# Work instruction
Where the line containing "往日不再/Days Gone（终极复刻版+集成破碎之路等全DLC）" appears, start repeating, and continue exactly through the last line below, adding nothing. Include no pictures.

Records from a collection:
★ ★ ★ ★
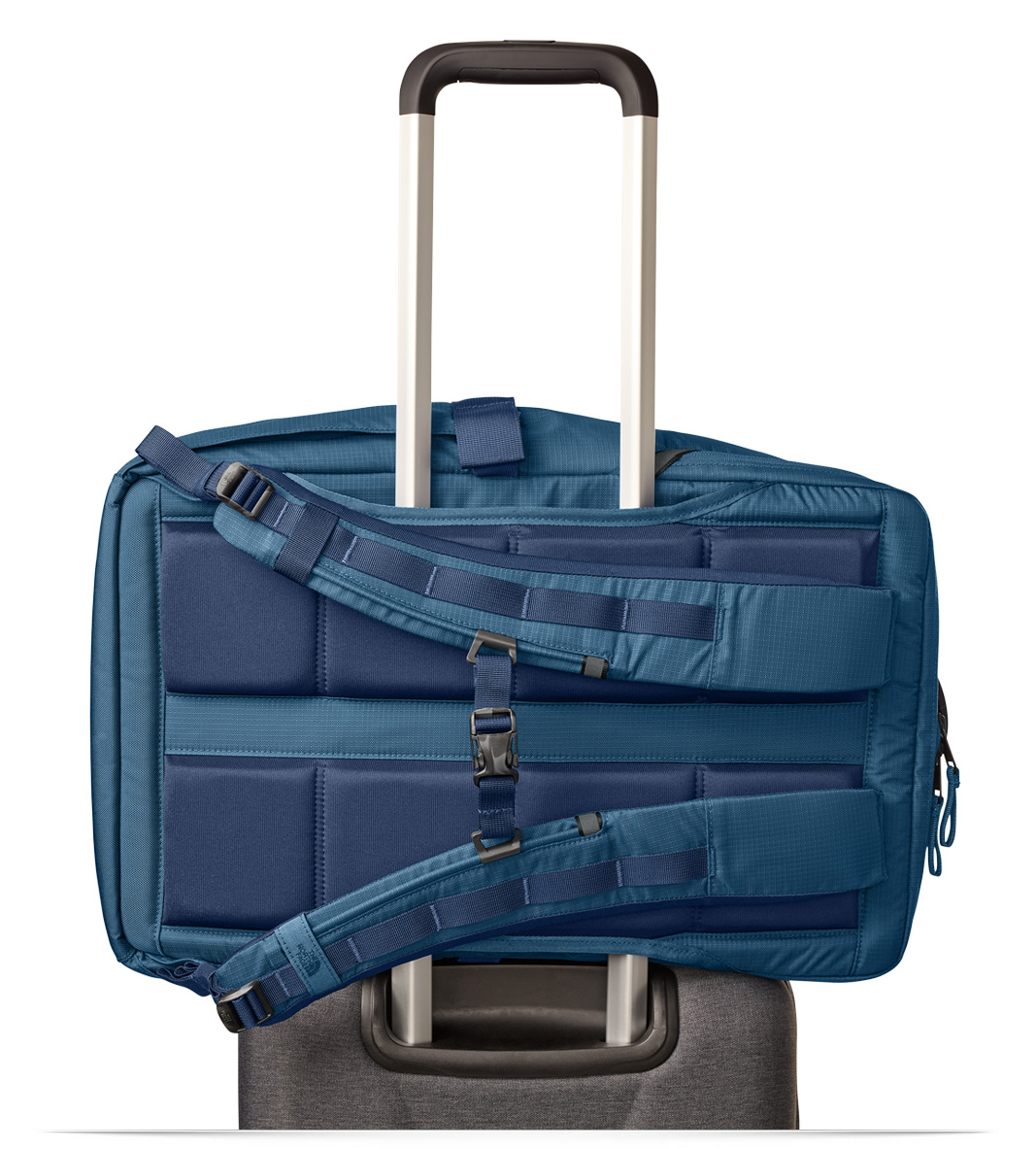 The North Face 35L Travel Backpack - Image 6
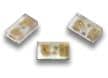 HELI-UM 0.65 x 0.35mm SMD CHIP LEDs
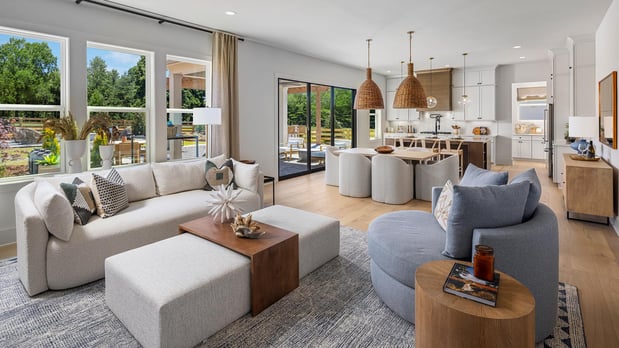 Images Freestone Station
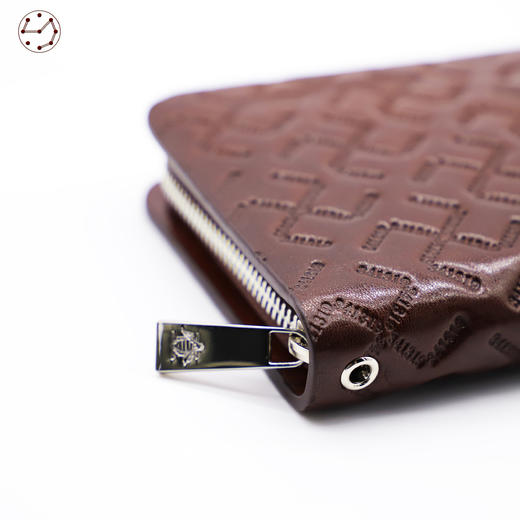 道易钱包 商品图2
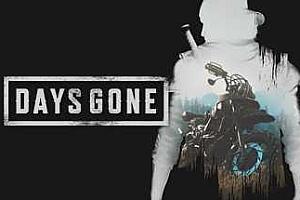 往日不再/Days Gone（终极复刻版+集成破碎之路等全DLC）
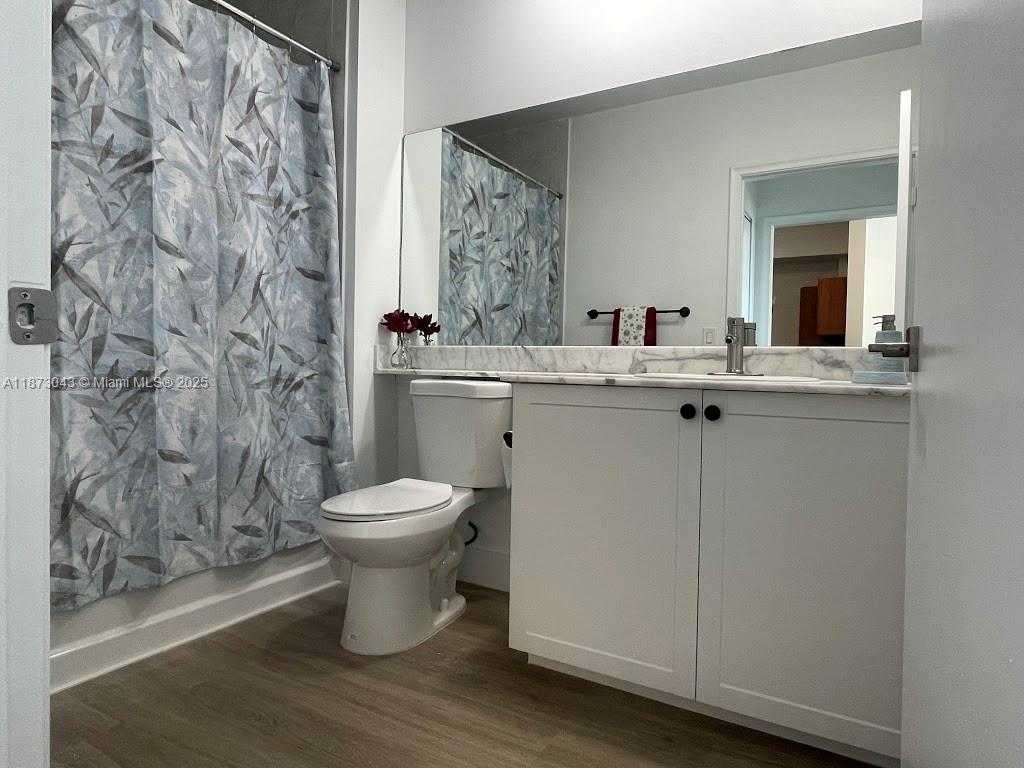 Small Image of 2775 NORTH EAST 187TH ST #PH30, Aventura Number 12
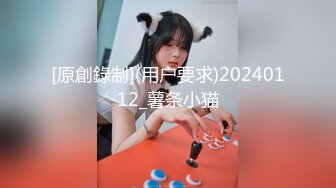 [原創錄制](用户要求)20240112_薯条小猫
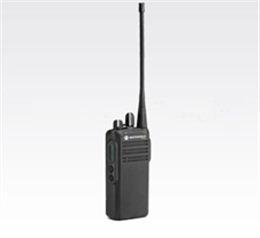 摩托罗拉工具包Motorola模拟产品商用系列对讲机CP1200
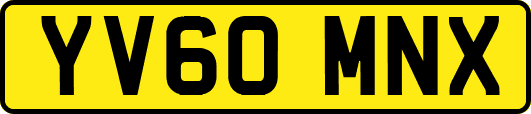 YV60MNX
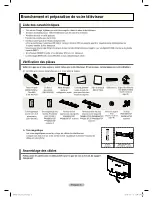 Preview for 59 page of Samsung 560 User Manual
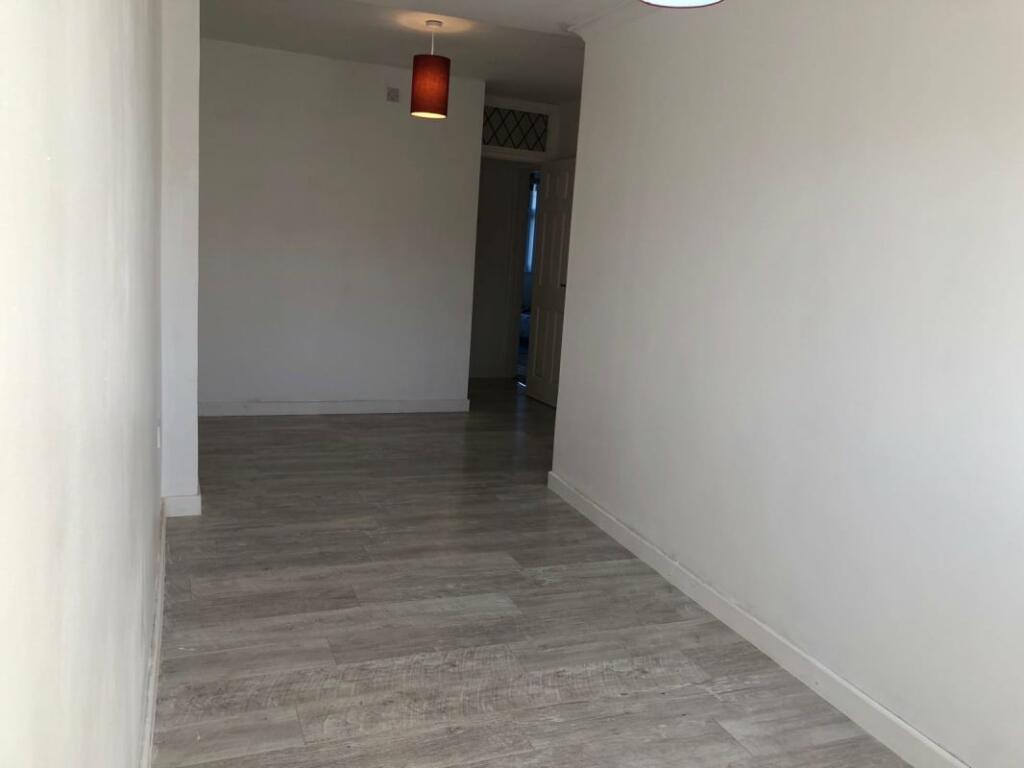 Additional image 5 of 30 Dunchurch Highway, Coventry, CV5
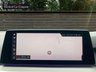 USED 2019 68 BMW 5 SERIES 2.0 520d SE Saloon 4dr Diesel Auto Euro 6 (s/s) (190 ps) FINANCE AVAILABLE ZERO DEPOSIT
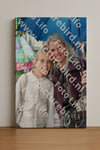 Evenement foto: 1429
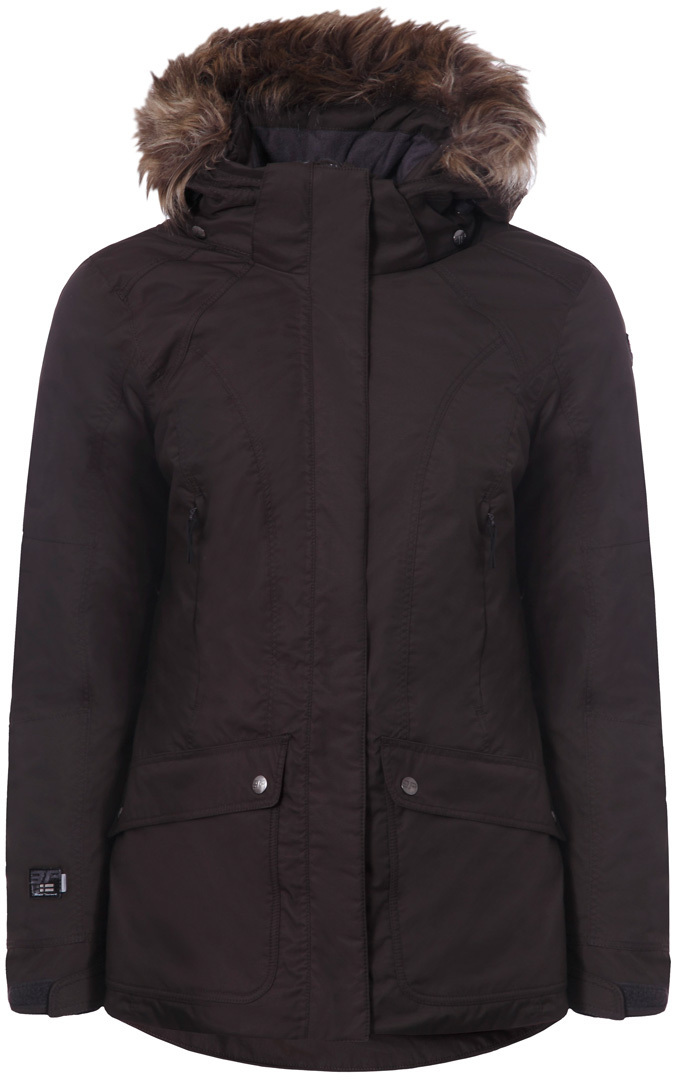 Icepeak Jolie Women Veste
★ ★ ★ ★
# Task solution
 往日不再/Days Gone（终极复刻版+集成破碎之路等全DLC）
 Small Image of 2775 NORTH EAST 187TH ST #PH30, Aventura Number 12
 [原創錄制](用户要求)20240112_薯条小猫
 摩托罗拉工具包Motorola模拟产品商用系列对讲机CP1200
 YV60MNX
 Preview for 59 page of Samsung 560 User Manual
 Additional image 5 of 30 Dunchurch Highway, Coventry, CV5
 USED 2019 68 BMW 5 SERIES 2.0 520d SE Saloon 4dr Diesel Auto Euro 6 (s/s) (190 ps) FINANCE AVAILABLE ZERO DEPOSIT
 Evenement foto: 1429
 Icepeak Jolie Women Veste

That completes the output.